* Required work: Find the line that contains "Don’t Stop Retrieving T-Shirt". Copy it and every line after it to the end of the material below, exactly, with no pictures.

* Data for review:
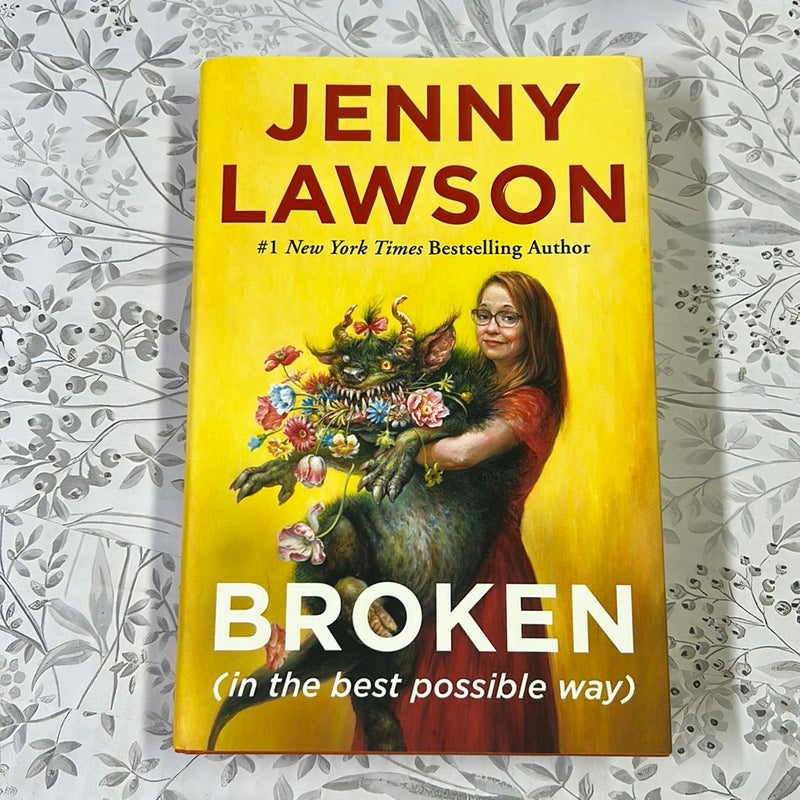 Broken (in the Best Possible Way)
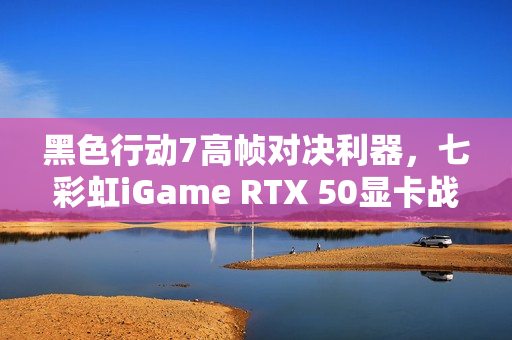 黑色行动7高帧对决利器，七彩虹iGame RTX 50显卡战力全开！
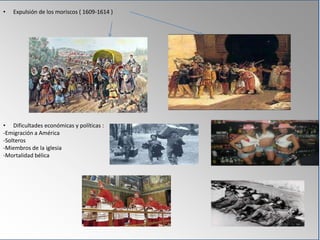 • Expulsión de los moriscos ( 1609-1614 )
• Dificultades económicas y políticas :
-Emigración a América
-Solteros
-Miembros de la iglesia
-Mortalidad bélica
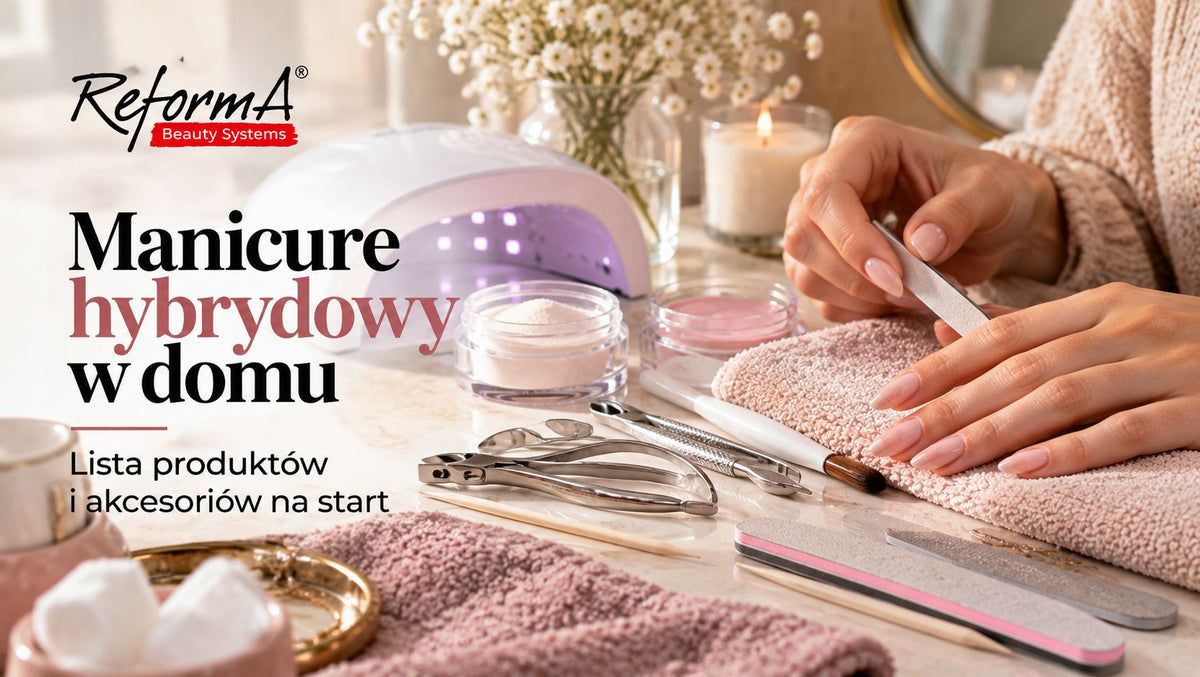 Manicure hybrydowy w domu, lista produktów na start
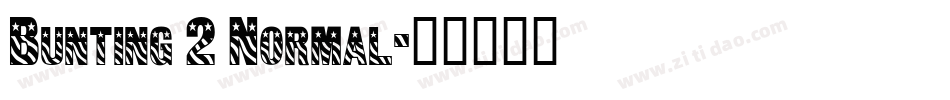 Bunting 2 Normal字体转换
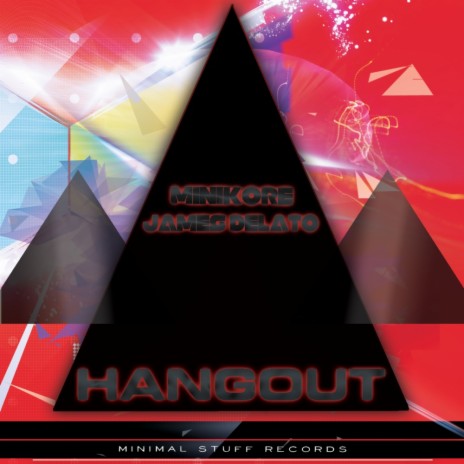 Hangout (Original Mix) ft. James Delato | Boomplay Music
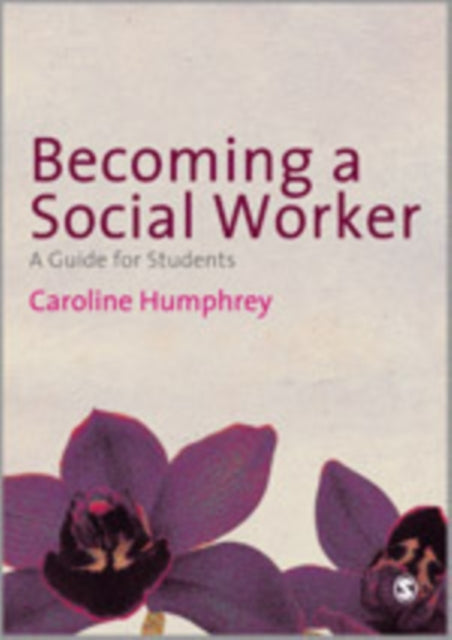 Book cover of: Becoming a Social Worker. By: Caroline Humphrey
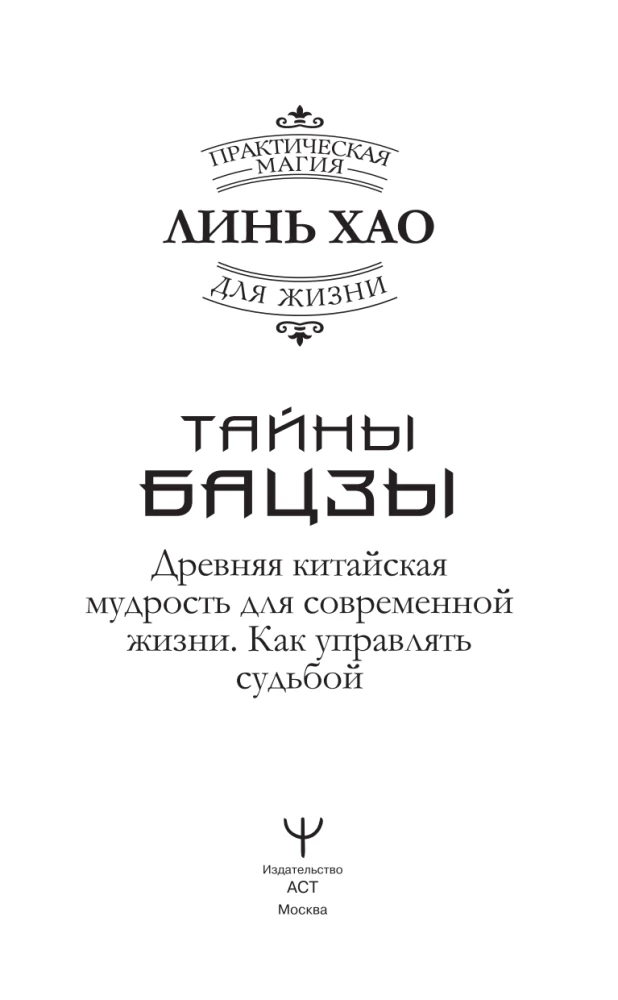 The Secrets of Bazi. Ancient Chinese Wisdom for Modern Life. How to Manage Your Destiny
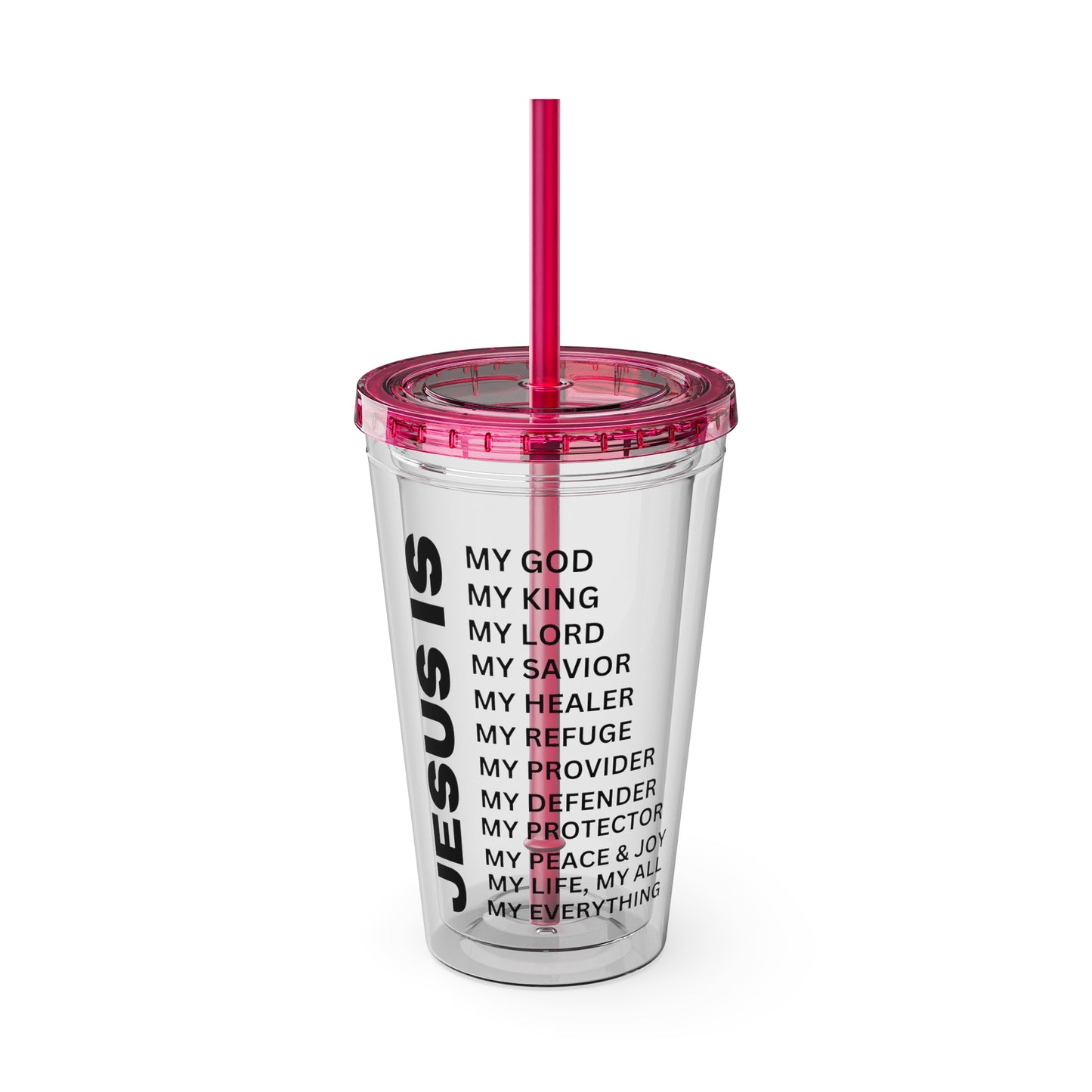 Christian JESUS IS 16oz Tumbler with Straw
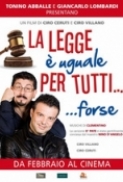 La Legge è Uguale per Tutti... Fors...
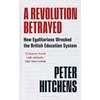 KNYGA Peter Hitchens Revolution Betrayed, How Egalitarians Wrecked the British Education System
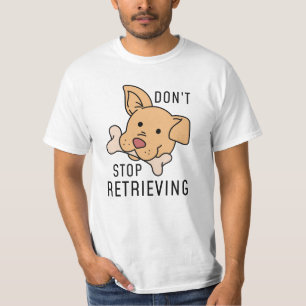 Don’t Stop Retrieving T-Shirt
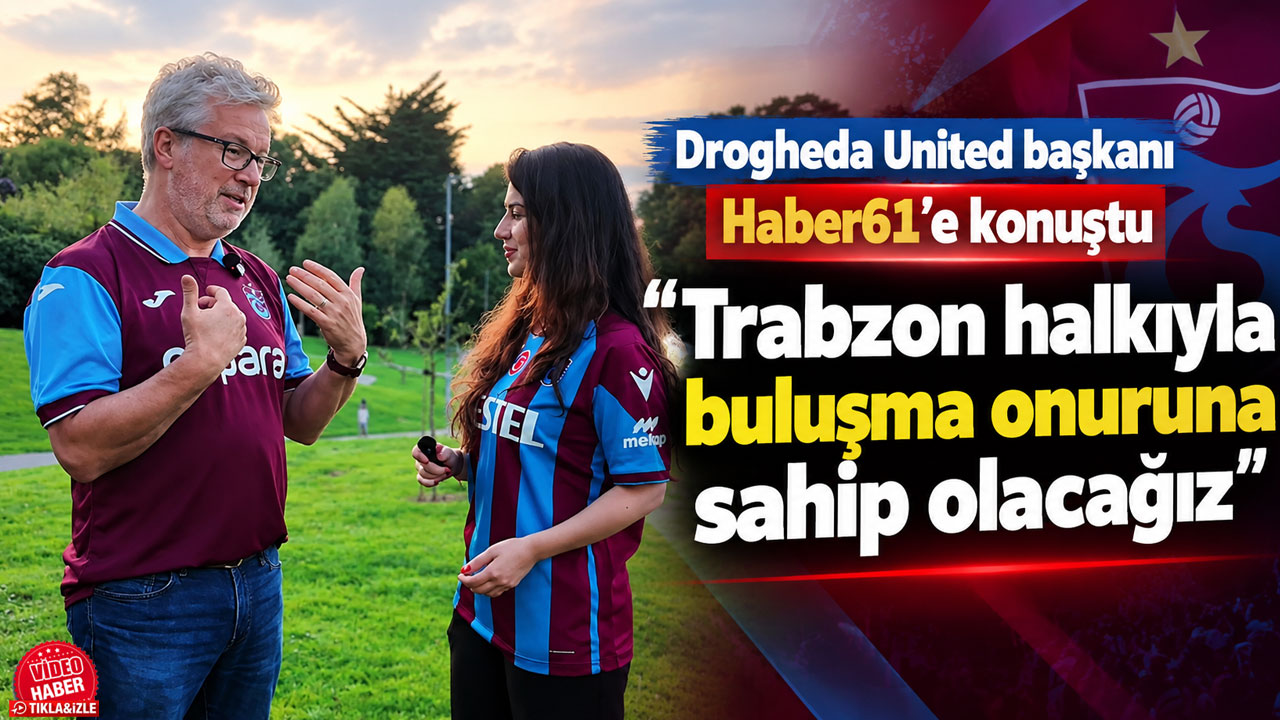 Trabzonspor maçı öncesi Drogheda United’dan dikkat çeken mesaj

* Written response:
 Don’t Stop Retrieving T-Shirt
 Trabzonspor maçı öncesi Drogheda United’dan dikkat çeken mesaj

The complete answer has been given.